── Task inputs ──

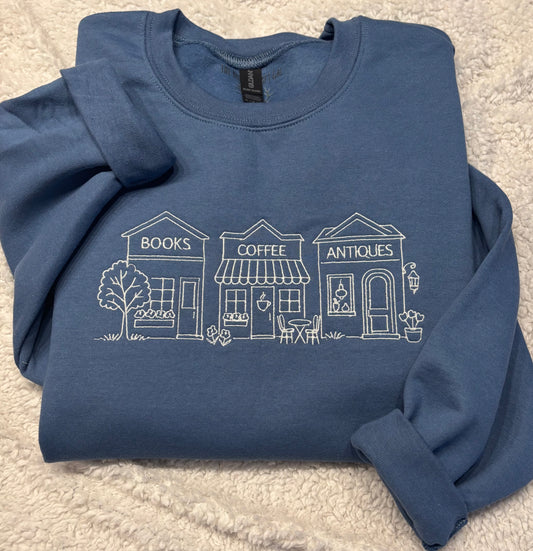 Books, Coffee & Antiques Crewneck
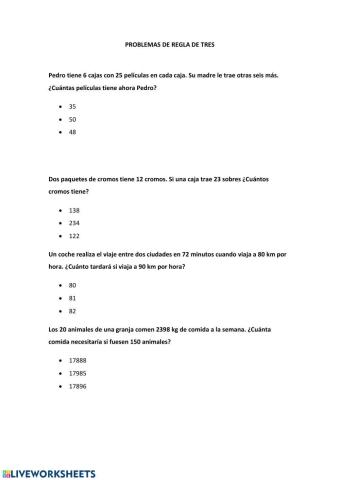 Problemas reglas de tres
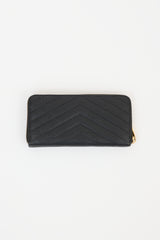 Saint Laurent Black Leather Cassandre Zip Around Wallet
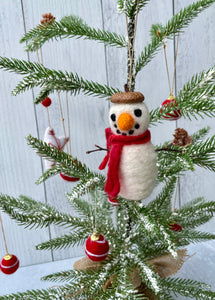 Felted Wool Snowman Ornament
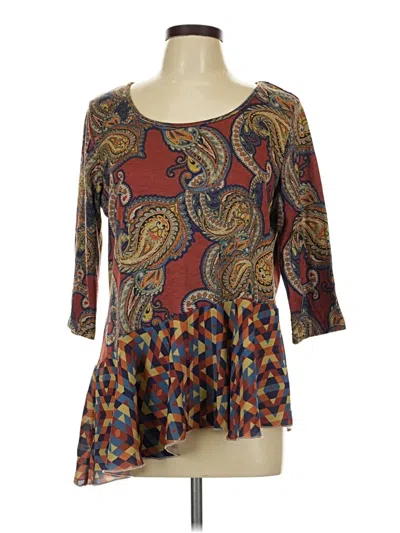 Pre-owned One World 3/4 Sleeve Top Brown Sweetheart Neckline Tops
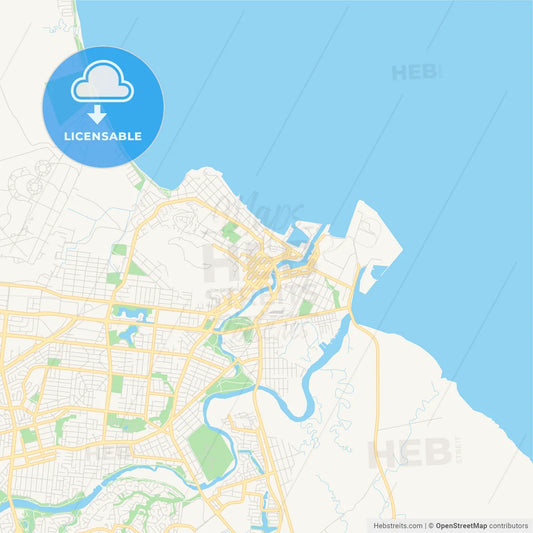 Printable street map of Townsville, Australia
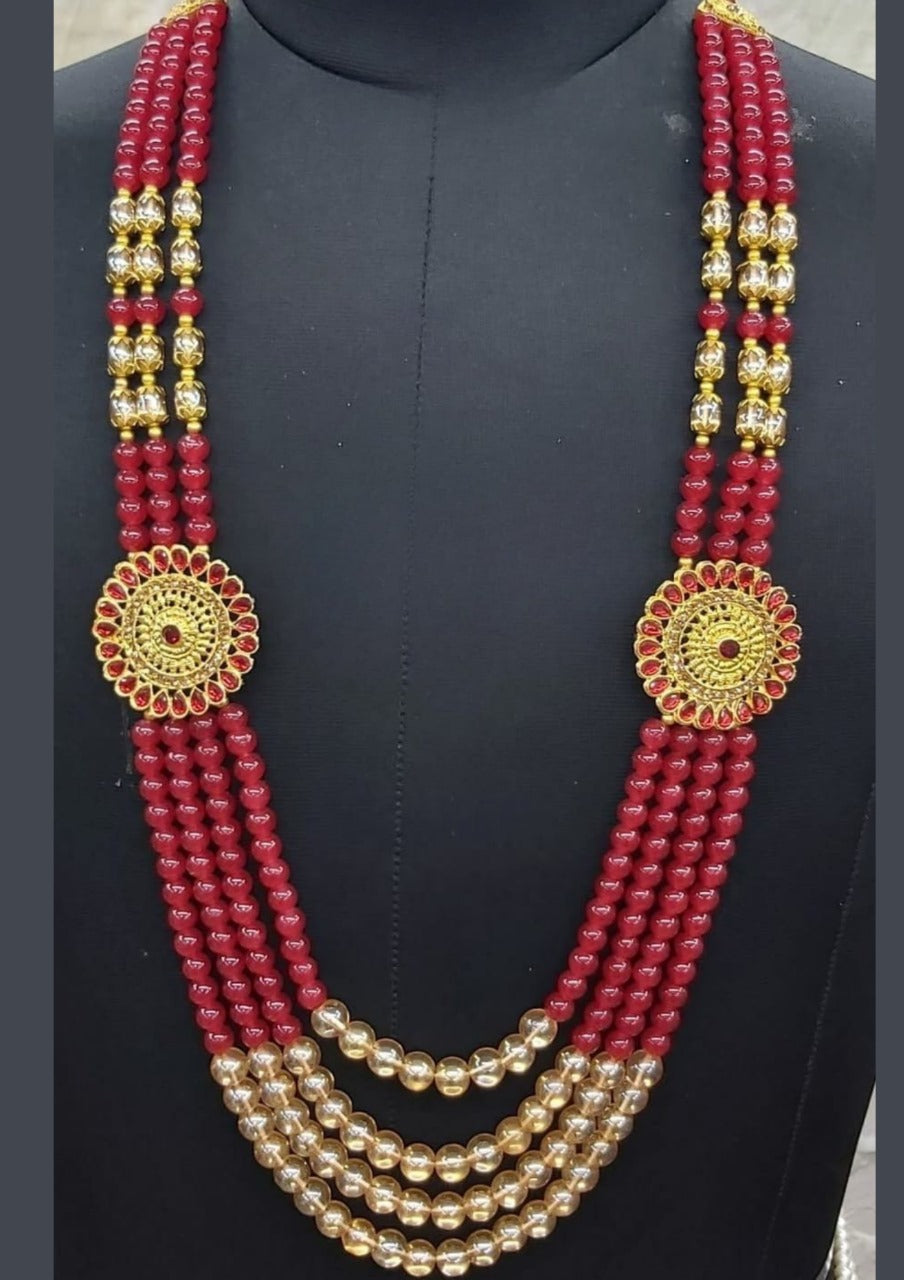Alluring Maroon Color Designed Beads For Men Mala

───

Transcribe the records word for word and include no pictures.

 Books, Coffee & Antiques Crewneck
 Problemas reglas de tres
 Saint Laurent Black Leather Cassandre Zip Around Wallet
 Felted Wool Snowman Ornament
 Pre-owned One World 3/4 Sleeve Top Brown Sweetheart Neckline Tops
 Printable street map of Townsville, Australia
Alluring Maroon Color Designed Beads For Men Mala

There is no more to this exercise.